> [Material provided]
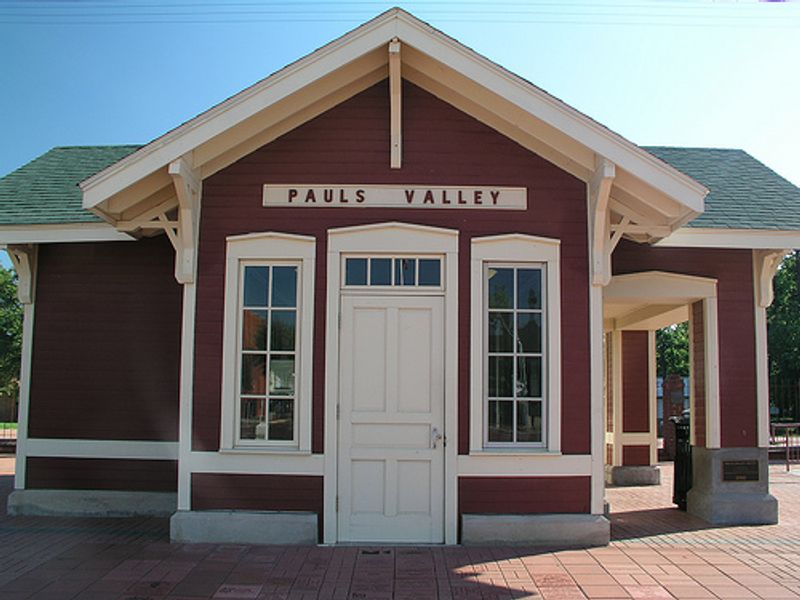 Pauls Valley Oklahoma's Official Travel & Tourism Site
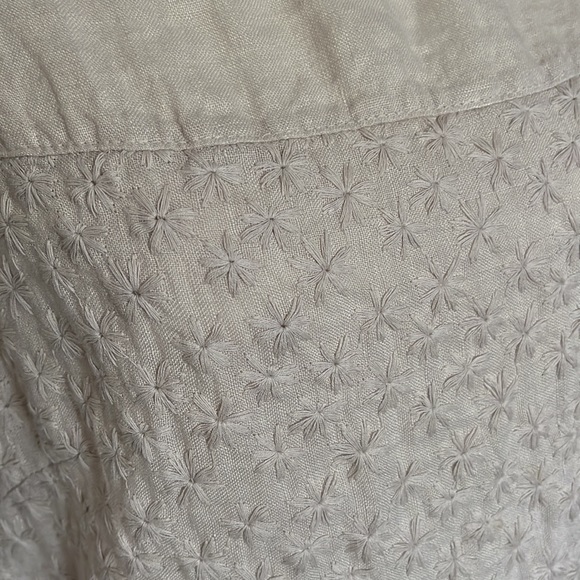 Italian 100% linen dress - Picture 3 of 8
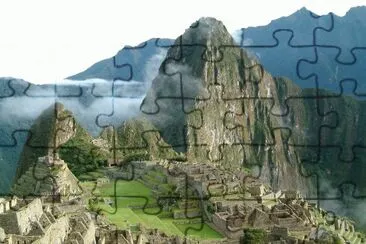 Machu Picchu jigsaw puzzle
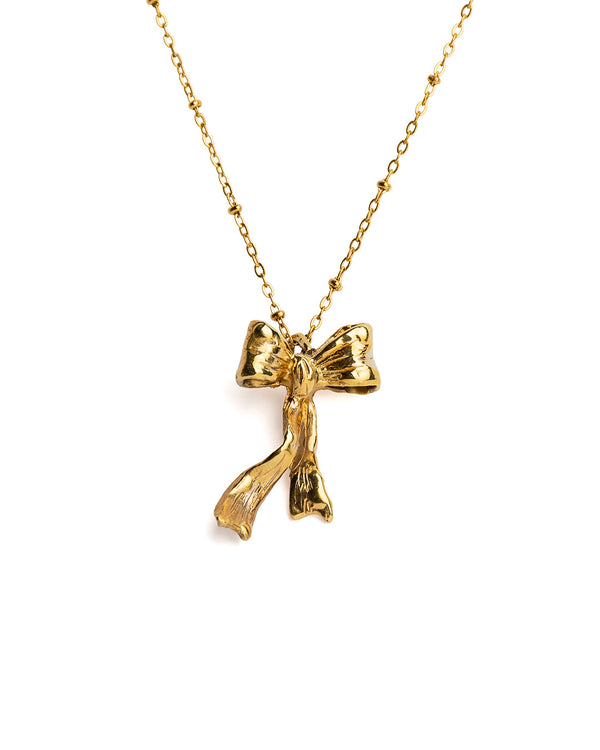 Collana Fiocco grande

> [What the exercise asks] Quote the listing above in full, except for the pictures.

> [Response to this exercise]
 Pauls Valley Oklahoma's Official Travel & Tourism Site
 Italian 100% linen dress - Picture 3 of 8
 Machu Picchu jigsaw puzzle
 Collana Fiocco grande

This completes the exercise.